Credo invece che sia esattamente il contrario. Sono le primarie il nostro punto di forza; sono le primarie che ci risollevano quando stiamo per cadere; sono le primarie che ci permettono di riunirci con la base. Il Partito Democratico è nato con le primarie e con le primarie deve continuare a vivere. Le primarie non sono solo un articolo dello statuto, sono il nostro stesso vivere, ed è giusto, è indispensabile, che siano le primarie aperte a decidere chi sarà il nostro prossimo segretario. Saranno le primarie a liberarci dei dinosauri che ci hanno diretto in questi anni, ed è per questo che vogliono eliminarle o renderle inservibili: hanno una paura fottuta che riusciamo ad andare oltre i Ds e la Margherita. Hanno paura che nasca finalmente il Pd.
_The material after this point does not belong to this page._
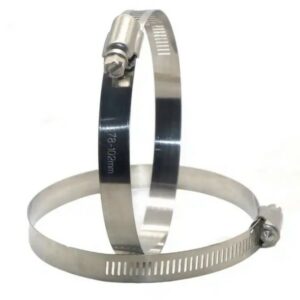 Vare: Slangeklemme Rustfri 178 mm, Slangeklemme Maks Ø: 178, Slangeklemme Bredde: 12, Slangeklemme Farge: Rustfri,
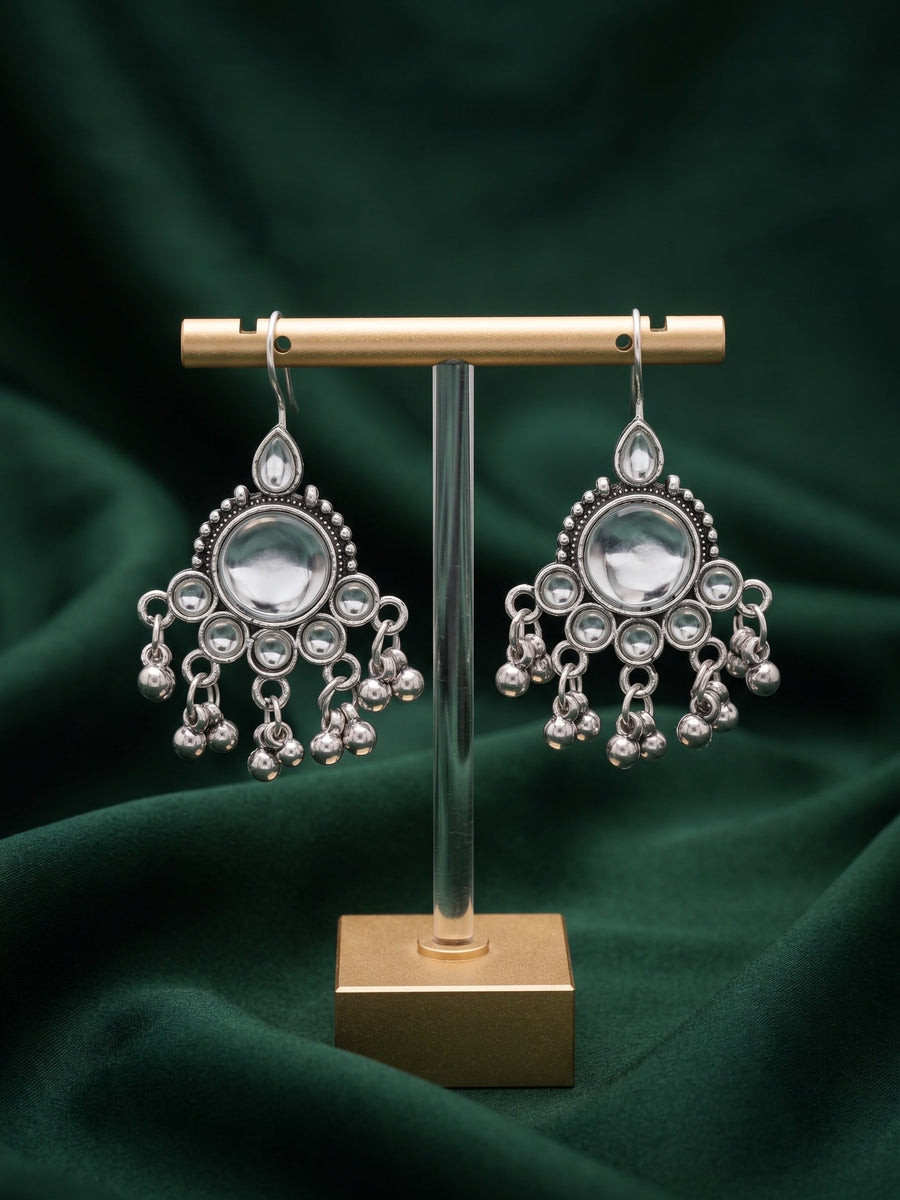 Silver Plated Drop Earrings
Cari delegati, domani deciderete se rimanere ancorati al passato o fare il primo passo verso un futuro tutto nuovo. Se ci tenete al Pd, se davvero ci tenete al nostro partito, domani, in assemblea, scegliete di far ripartire gli orologi. Scegliete le primarie aperte senza pensare alle correnti ma solo al futuro del Partito Democratico. Contiamo su di voi, basta delusioni.